Ayrılaştıran, gayrılaştıran, seni beni onu yani bizi ötekileştiren bir dönem... Üstelik dilimiz,dinimiz,inancımız da birken... Kendi vatanımızda özgürlüğe hasret kaldığımız bir dönem... Masasında yemek yediğimiz karşı komşumuza saygımızın tek bir kelime ile yerle bir olduğu dönem... Masum insanları etiketleyip,fişleyip ifşa ettiğimiz;onlara yaşam alanı bırakmadığımız hatta ve hatta pek çoğunu da hapse attırdığımız bir dönem... Hele ki o ikna odaları... Evet,ikna odaları kitabın konusuydu.
Her bölümde kendimle savaşmaktan,sorduğum cevapsız kalan sorular yüzünden bir oturuşta bitiremedim. Oysa kısa bir kitap,tıpkı ömrümüz gibi. Mutlu son bekledim, ama yazar suratıma çarptı hayatın her zaman mutlu sonla bitmediğini. Akıcı,yalın bir dil. Sevgiliye yazılan mektup formatında,haliyle üslup samimi.

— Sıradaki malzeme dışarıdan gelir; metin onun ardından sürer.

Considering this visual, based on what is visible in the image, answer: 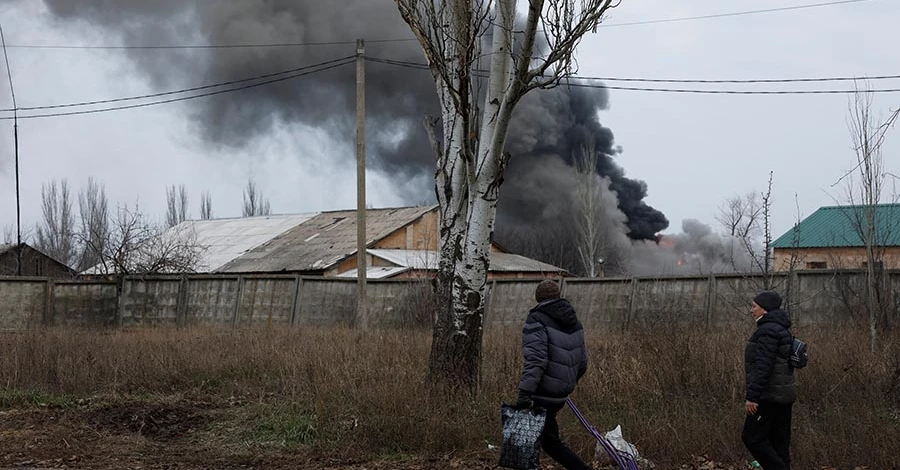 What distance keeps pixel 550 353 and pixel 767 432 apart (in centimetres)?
172

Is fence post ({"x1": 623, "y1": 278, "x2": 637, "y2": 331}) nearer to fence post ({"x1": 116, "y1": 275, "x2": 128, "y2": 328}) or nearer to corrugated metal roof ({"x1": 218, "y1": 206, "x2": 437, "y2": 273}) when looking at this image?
corrugated metal roof ({"x1": 218, "y1": 206, "x2": 437, "y2": 273})

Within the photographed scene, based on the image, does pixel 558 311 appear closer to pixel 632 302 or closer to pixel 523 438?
pixel 523 438

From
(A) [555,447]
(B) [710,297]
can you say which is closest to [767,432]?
(A) [555,447]

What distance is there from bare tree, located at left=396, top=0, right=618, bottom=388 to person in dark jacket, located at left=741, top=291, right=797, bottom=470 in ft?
11.3

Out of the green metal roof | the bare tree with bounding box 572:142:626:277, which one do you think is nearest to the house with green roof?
the green metal roof

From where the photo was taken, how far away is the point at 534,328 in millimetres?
6734

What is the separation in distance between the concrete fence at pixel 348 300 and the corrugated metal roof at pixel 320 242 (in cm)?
573

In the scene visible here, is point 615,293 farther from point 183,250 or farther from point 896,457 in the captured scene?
point 183,250

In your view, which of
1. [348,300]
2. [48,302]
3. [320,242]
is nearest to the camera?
[348,300]

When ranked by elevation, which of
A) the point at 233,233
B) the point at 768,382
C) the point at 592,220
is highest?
the point at 592,220

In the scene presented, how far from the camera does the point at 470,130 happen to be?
9867mm

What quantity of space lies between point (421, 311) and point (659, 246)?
2187 centimetres

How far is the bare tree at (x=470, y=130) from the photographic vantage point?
915cm

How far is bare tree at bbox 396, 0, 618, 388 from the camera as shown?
9148 mm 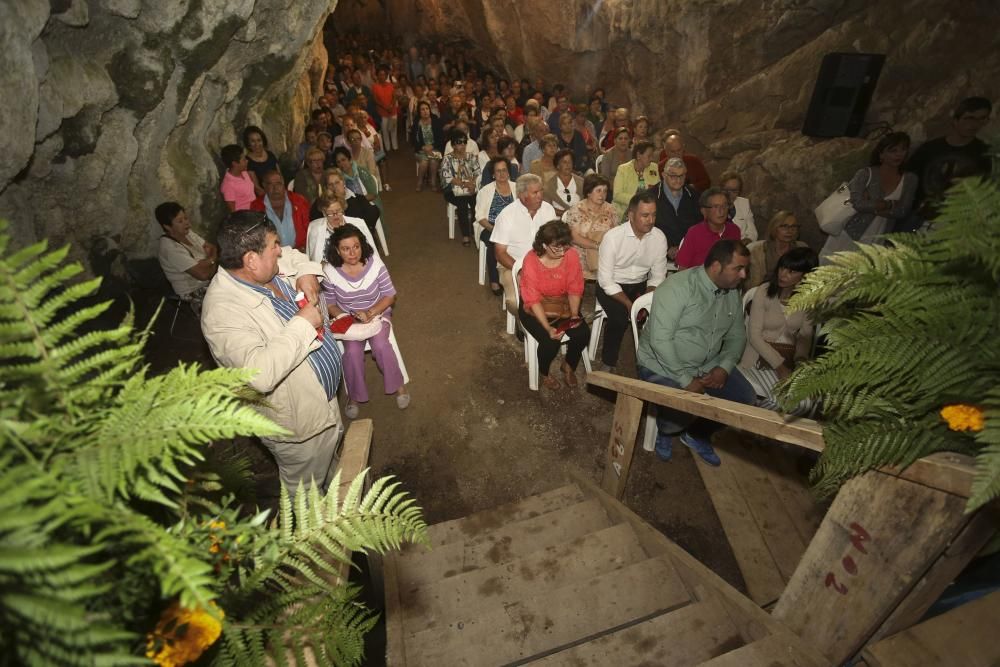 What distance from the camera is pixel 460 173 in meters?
7.12

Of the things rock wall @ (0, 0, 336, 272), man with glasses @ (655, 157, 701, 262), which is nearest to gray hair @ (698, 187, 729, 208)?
man with glasses @ (655, 157, 701, 262)

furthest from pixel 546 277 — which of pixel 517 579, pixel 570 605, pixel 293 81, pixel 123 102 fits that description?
pixel 293 81

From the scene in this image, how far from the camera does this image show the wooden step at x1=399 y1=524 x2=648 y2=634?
7.76ft

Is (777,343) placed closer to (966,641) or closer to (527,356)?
(527,356)

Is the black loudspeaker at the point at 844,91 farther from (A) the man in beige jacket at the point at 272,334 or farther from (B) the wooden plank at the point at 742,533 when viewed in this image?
(A) the man in beige jacket at the point at 272,334

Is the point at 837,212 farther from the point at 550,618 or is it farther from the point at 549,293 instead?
the point at 550,618

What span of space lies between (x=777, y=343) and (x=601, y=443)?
5.50 ft

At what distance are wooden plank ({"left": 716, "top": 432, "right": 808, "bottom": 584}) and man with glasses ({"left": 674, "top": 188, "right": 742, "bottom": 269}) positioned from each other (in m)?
1.76

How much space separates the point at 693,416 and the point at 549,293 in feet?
5.40

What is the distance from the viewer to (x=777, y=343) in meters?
3.77

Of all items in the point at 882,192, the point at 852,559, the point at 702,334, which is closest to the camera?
the point at 852,559

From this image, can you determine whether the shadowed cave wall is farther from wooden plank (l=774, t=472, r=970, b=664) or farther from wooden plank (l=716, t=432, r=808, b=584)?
wooden plank (l=774, t=472, r=970, b=664)

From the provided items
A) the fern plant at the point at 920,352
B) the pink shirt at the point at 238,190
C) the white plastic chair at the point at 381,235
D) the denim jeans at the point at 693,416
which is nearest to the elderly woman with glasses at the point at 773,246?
the denim jeans at the point at 693,416

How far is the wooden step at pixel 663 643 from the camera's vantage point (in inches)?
78.2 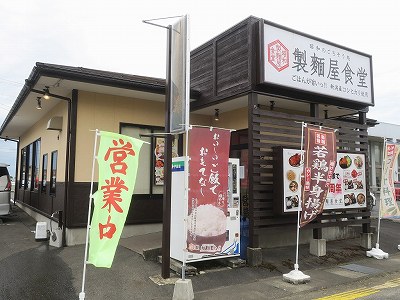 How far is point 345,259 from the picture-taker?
8672 mm

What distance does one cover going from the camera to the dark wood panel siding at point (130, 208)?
8.93 meters

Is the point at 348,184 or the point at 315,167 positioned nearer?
the point at 315,167

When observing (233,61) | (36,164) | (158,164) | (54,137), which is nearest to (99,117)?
(158,164)

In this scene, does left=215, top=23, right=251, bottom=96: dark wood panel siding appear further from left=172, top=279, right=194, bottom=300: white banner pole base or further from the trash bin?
left=172, top=279, right=194, bottom=300: white banner pole base

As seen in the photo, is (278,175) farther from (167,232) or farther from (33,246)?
(33,246)

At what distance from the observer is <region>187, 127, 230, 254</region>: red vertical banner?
6230 mm

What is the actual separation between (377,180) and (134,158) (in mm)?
22235

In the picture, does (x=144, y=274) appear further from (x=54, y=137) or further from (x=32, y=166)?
(x=32, y=166)

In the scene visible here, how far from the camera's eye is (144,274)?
6664 mm

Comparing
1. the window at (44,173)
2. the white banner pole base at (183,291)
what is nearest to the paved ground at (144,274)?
the white banner pole base at (183,291)

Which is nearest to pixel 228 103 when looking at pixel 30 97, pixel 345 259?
pixel 345 259

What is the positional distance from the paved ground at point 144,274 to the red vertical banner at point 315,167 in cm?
131

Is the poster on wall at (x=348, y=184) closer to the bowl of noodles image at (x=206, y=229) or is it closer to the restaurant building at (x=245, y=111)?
the restaurant building at (x=245, y=111)

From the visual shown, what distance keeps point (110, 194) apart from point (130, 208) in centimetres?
496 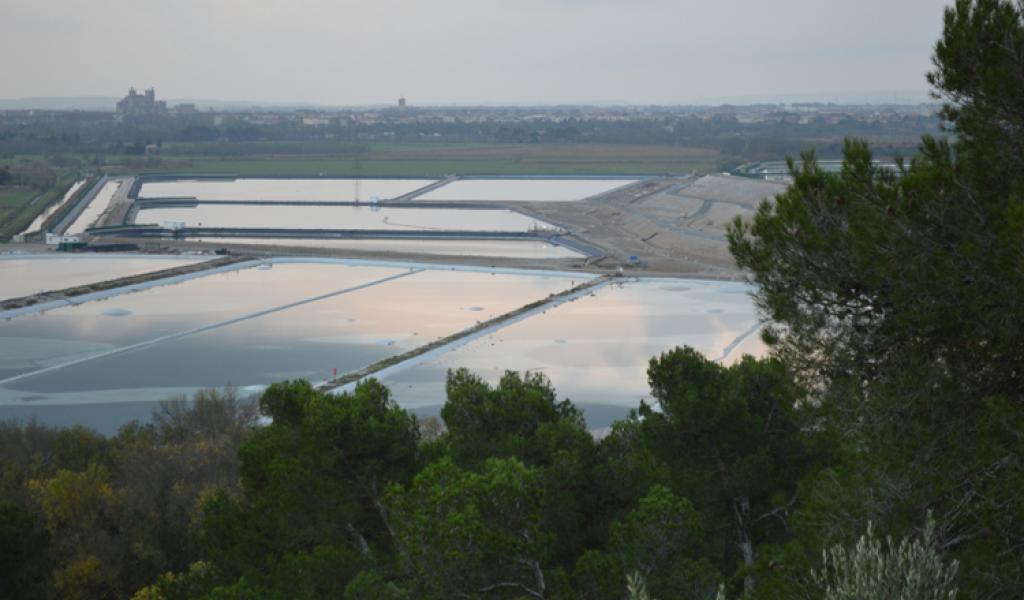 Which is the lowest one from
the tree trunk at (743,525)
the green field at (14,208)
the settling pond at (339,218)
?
the settling pond at (339,218)

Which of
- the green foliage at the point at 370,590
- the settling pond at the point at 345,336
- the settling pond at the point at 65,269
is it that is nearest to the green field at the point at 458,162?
the settling pond at the point at 65,269

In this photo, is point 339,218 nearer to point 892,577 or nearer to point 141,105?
point 892,577

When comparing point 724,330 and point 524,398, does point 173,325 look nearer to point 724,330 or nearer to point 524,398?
point 724,330

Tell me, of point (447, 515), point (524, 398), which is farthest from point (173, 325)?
point (447, 515)

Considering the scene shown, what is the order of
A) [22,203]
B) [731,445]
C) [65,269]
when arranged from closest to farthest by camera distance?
[731,445]
[65,269]
[22,203]

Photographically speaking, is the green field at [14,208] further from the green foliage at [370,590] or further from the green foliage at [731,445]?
the green foliage at [370,590]

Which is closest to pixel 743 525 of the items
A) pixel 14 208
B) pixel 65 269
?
pixel 65 269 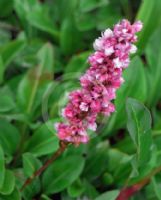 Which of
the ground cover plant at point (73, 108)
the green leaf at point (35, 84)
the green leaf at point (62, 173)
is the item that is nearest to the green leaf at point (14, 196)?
the ground cover plant at point (73, 108)

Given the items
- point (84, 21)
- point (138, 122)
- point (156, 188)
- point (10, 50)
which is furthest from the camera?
point (84, 21)

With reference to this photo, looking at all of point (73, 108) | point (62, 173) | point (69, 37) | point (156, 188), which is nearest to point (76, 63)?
point (69, 37)

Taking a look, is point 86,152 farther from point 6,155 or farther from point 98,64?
point 98,64

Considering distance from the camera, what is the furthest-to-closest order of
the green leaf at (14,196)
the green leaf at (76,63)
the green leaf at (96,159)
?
the green leaf at (76,63)
the green leaf at (96,159)
the green leaf at (14,196)

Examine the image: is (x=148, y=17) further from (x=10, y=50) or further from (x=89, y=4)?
(x=10, y=50)

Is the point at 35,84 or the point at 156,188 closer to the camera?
the point at 156,188

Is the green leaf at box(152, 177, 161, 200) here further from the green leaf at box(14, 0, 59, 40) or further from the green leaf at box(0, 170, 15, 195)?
the green leaf at box(14, 0, 59, 40)

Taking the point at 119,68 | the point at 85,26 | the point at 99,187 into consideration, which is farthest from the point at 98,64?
the point at 85,26

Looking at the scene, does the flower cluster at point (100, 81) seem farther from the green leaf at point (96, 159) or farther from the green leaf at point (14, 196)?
the green leaf at point (96, 159)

Anlatım sürükleyici ama can yakıcı. Hele sonlara doğru kitapların yakılmasından bahsettiği kısımlar... aklımın ipleri rüzgara kapılan balon misali ordan oraya uçuştu.
Seçimler yaklaşırken konusu itibariyle biraz daha araştırma yapıp iyice düşünmeme neden olacak ve oy vermeyi düşünmezken oy vermemi sağlayacak bir kitap oldu. İlahi zamanlama yine mükemmel çalışıyor,şükürler olsun. Kitapla kalın.